### [Available data]
┄┄┄┄┄┄┄┄┄┄

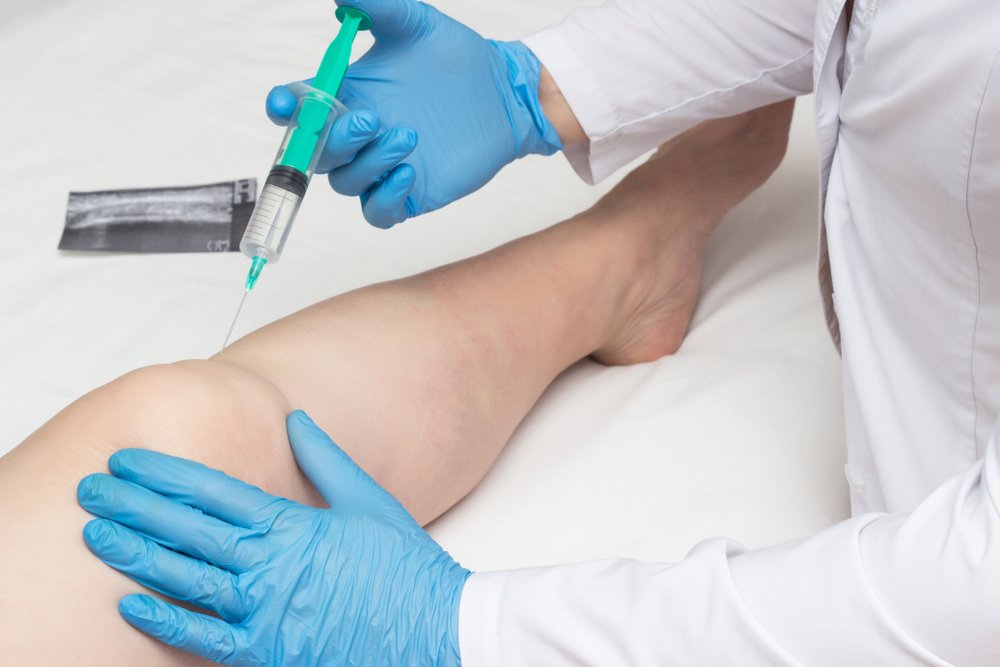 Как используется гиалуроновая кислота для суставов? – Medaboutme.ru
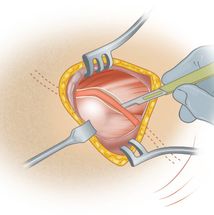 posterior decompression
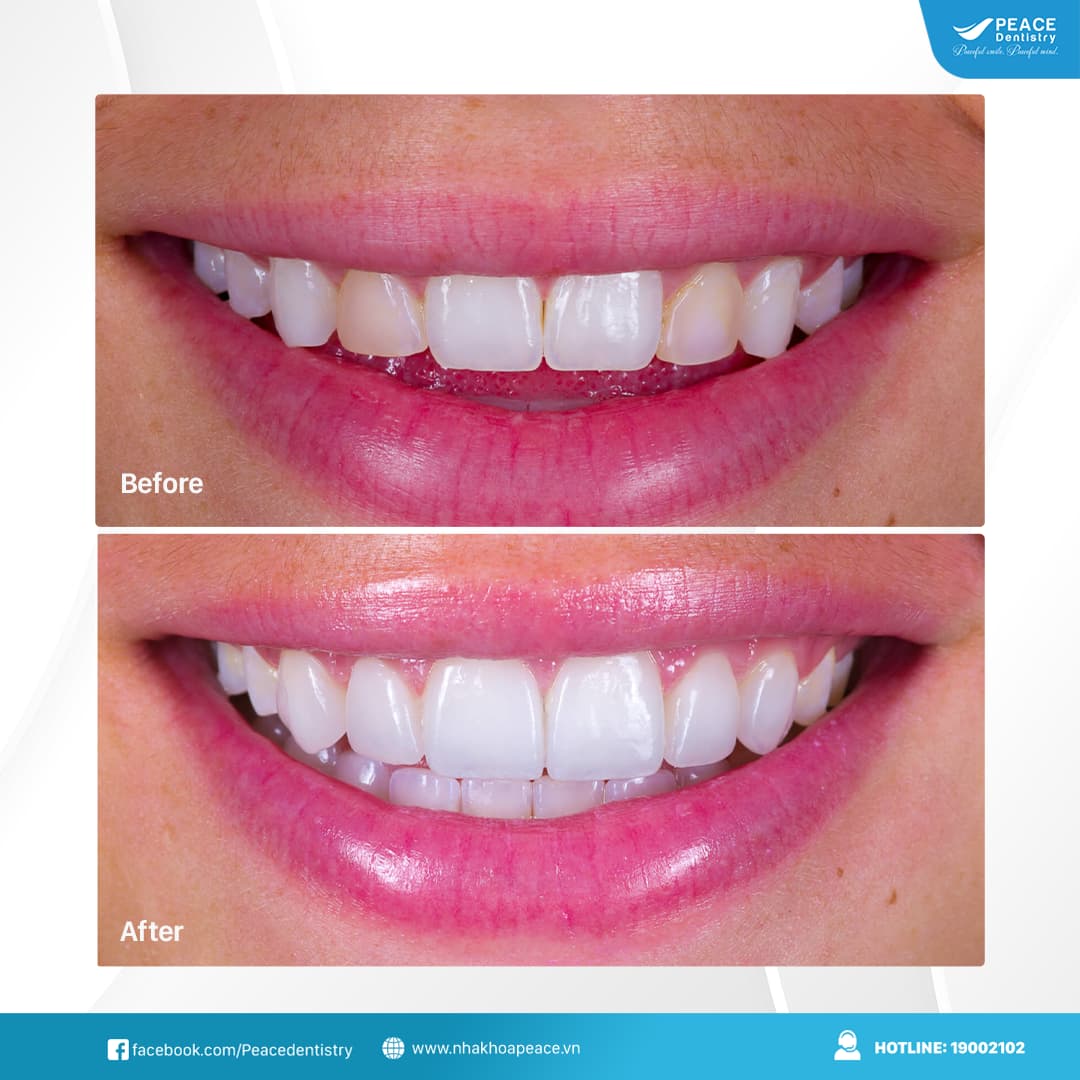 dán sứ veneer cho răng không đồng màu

┄┄┄┄┄┄┄┄┄┄

Leaving each image aside, repeat the listing above exactly.

 Как используется гиалуроновая кислота для суставов? – Medaboutme.ru
 posterior decompression
 dán sứ veneer cho răng không đồng màu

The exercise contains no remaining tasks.